Output the lines from the one holding "Amelia striped set" to the end of the entries that follow, exactly and only those, minus any pictures.

Data to process

*** Block opens ***

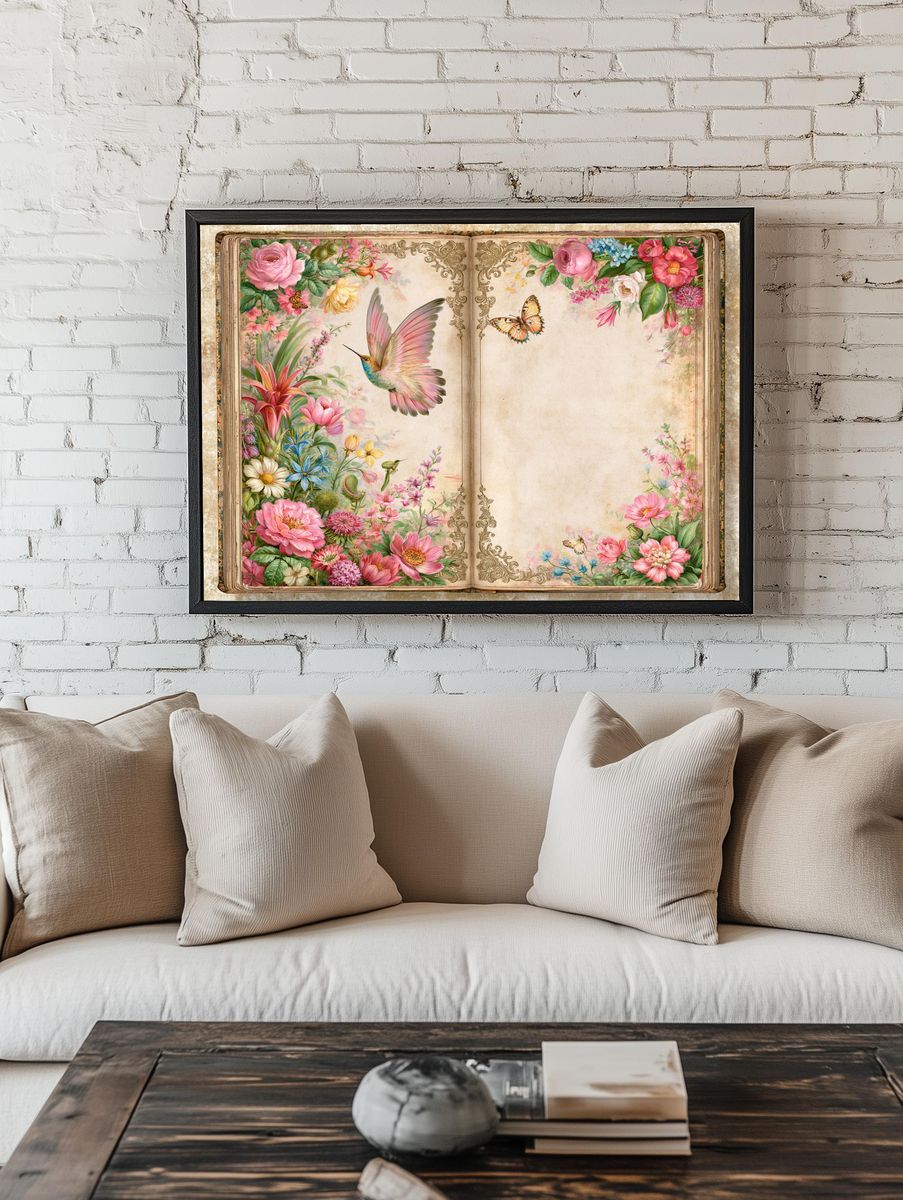 Vintage Floral Book Page Poster. — room view 1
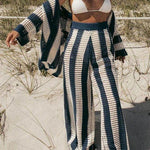 Amelia striped set with kimono top and wide-leg pants, dark green/white vertical stripes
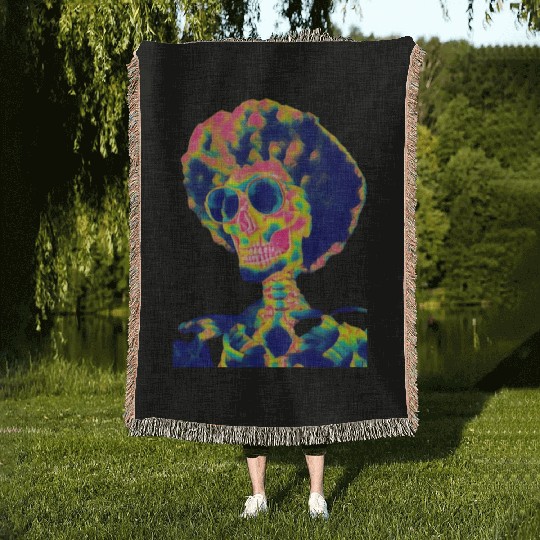 Skull wiith Sunglasses Woven Blankets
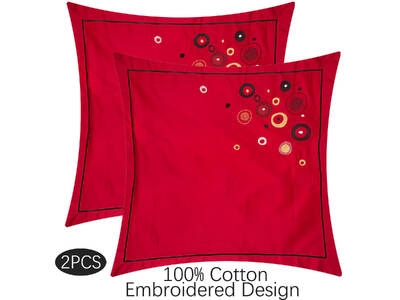 Red Cotton European pillowcases 65x65cm (twin pack)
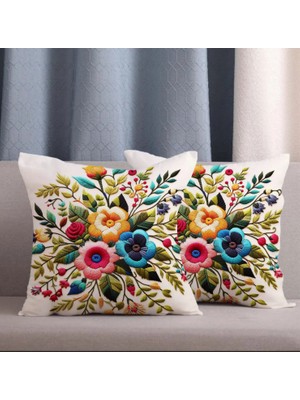 Alkan Homes 2 Li Kombin Nakış Görünümlü Renkli Çiçek Dijital Baskılı Kırlent Kılıfı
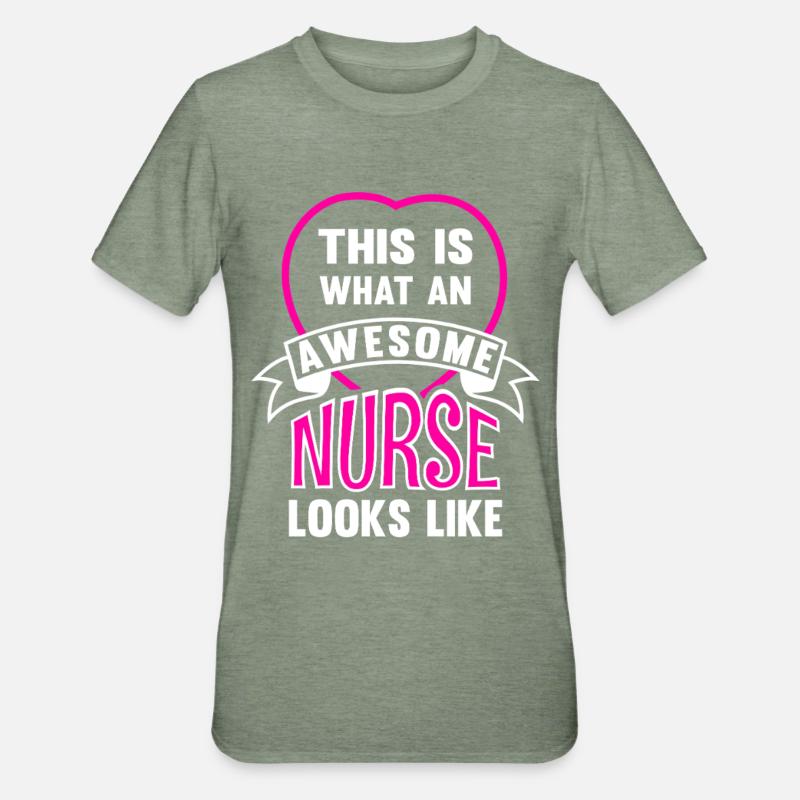Krankenschwester - Unisex Polycotton T-Shirt - Militärgrün meliert
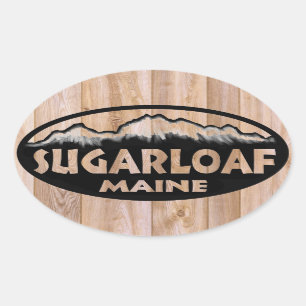 Sugarloaf Maine houten ovale stickers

*** Block closes ***

Completed exercise
 Amelia striped set with kimono top and wide-leg pants, dark green/white vertical stripes
 Skull wiith Sunglasses Woven Blankets
 Red Cotton European pillowcases 65x65cm (twin pack)
 Alkan Homes 2 Li Kombin Nakış Görünümlü Renkli Çiçek Dijital Baskılı Kırlent Kılıfı
Krankenschwester - Unisex Polycotton T-Shirt - Militärgrün meliert
 Sugarloaf Maine houten ovale stickers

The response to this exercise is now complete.